Puerta parecía expresar a los gobernadores del Grupo Federal, aunque sin el estado de alarma que envuelve a algunos de ellos. Sucede que los mandatarios que se nu-clean alrededor de Puerta se han propuesto insinuarle algunos límites a Rodríguez Saá. Se inspiran en la premisa de que el actual presidente llegó al poder gracias a ellos, lo que les hace pensar que el puntano debería referir sus decisiones a la mesa del grupo. Sean estas medidas administrativas o designaciones de gabinete. Este sector del PJ estuvo en estado deliberativo desde anoche y volverá a autoconvocarse hoy. Con la prudencia del caso, piensan hacerle saber a Rodríguez Saá que su apoyo estará condicionado por el grado de apertura que produzca en el gobierno, sobre todo para discutir decisiones y programas que tienen, para casi toda la dirigencia política, aspectos disparatados.

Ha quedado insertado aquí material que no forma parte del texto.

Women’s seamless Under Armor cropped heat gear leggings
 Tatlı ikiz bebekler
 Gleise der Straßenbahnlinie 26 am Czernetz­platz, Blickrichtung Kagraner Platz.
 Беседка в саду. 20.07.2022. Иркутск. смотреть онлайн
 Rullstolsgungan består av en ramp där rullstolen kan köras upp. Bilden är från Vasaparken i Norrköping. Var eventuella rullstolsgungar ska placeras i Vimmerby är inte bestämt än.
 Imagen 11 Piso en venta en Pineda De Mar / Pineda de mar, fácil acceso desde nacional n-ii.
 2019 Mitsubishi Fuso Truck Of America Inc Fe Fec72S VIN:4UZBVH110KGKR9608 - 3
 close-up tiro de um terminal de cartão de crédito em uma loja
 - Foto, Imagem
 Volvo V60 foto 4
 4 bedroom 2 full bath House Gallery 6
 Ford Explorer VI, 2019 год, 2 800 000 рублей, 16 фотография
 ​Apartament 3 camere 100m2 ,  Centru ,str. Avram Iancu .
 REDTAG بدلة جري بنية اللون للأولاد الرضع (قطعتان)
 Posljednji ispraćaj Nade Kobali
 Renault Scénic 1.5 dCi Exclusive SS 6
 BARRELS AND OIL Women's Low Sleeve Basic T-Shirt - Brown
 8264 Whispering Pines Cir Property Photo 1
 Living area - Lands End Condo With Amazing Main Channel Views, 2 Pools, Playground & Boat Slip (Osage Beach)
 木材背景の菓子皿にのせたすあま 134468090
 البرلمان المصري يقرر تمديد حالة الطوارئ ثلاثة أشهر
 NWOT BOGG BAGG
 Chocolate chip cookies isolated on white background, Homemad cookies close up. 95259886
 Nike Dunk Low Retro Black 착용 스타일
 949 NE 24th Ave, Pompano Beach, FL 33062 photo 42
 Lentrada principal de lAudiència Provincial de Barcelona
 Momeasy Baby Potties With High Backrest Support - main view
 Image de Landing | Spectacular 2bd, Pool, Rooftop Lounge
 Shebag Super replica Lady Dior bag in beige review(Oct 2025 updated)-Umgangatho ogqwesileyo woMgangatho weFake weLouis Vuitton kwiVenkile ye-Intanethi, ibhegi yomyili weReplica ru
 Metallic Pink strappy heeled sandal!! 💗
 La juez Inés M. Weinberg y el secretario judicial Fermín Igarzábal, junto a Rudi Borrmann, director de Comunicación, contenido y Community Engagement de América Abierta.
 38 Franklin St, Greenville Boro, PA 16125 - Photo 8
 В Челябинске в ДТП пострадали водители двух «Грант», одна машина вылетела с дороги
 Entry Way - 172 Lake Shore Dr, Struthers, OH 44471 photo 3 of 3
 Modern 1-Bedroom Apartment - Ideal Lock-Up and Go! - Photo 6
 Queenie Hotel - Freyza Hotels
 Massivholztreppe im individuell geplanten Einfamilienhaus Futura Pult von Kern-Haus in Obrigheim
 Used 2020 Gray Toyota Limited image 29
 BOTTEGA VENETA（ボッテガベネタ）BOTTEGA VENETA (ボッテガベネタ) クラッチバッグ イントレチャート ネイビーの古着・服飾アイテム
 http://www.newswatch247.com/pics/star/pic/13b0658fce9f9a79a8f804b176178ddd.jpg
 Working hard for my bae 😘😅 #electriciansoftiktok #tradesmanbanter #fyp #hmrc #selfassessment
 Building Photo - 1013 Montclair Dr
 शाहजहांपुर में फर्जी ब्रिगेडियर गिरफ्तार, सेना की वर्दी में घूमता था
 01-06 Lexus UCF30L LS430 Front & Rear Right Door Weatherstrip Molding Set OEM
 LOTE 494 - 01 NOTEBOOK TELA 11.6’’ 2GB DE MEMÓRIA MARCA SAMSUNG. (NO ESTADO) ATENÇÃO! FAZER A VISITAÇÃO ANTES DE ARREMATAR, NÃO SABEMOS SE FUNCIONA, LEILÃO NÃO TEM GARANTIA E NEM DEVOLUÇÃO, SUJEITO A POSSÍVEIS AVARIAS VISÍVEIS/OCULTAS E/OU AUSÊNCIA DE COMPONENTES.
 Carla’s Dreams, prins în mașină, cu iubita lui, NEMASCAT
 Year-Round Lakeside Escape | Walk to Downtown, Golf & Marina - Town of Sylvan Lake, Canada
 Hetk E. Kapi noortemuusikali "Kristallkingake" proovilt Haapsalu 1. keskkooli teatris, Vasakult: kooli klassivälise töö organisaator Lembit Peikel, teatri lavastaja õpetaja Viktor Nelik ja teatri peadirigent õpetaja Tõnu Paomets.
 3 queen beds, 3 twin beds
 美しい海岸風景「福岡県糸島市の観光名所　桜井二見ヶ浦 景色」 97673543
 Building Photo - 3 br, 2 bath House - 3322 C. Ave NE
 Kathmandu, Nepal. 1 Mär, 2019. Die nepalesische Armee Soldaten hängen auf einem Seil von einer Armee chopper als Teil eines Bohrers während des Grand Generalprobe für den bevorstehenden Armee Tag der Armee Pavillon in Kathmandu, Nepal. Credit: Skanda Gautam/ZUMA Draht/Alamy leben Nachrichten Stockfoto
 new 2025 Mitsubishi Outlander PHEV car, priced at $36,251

Si bien no todos los «federales» pretenden que haya elecciones en marzo, tanto Puerta como Juan Carlos Romero piensan hacer cumplir el compromiso inicial de Rodríguez Saá. En el caso de Puerta es posible que se presente como candidato, alentado por las encuestas que dan su figura en ascenso, sobre todo por la moderación con que manejó la crisis que precipitó a Fernando de la Rúa fuera de la Casa Rosa-da. Ayer varios dirigentes del PJ porteño consultaron a Mauricio Macri sobre la posibilidad de que ensamble su candidatura con la del misionero, a sabiendas de que son íntimos amigos. Pero Macri prefirió no abrir juicio y postergar cualquier decisión (su carrera está hasta ahora enfocada hacia la Jefatura de Gobierno de la Ciudad).

• Presión

Néstor Kirchner es otro gobernador de los que presionan por elecciones presidenciales, lo mismo que José Manuel de la Sota y Carlos Ruckauf. Un íntimo del bonaerense confesó ayer a este diario que «si no hay elecciones como Rodríguez Saá se comprometió a realizar nos vamos todos al diablo». En el caso de De la Sota, ayer definió que su compañero de fórmula será un bonaerense, el intendente de La Plata Julio Alak, uno de los tres mosqueteros que en su momento reportaban a Ruckauf.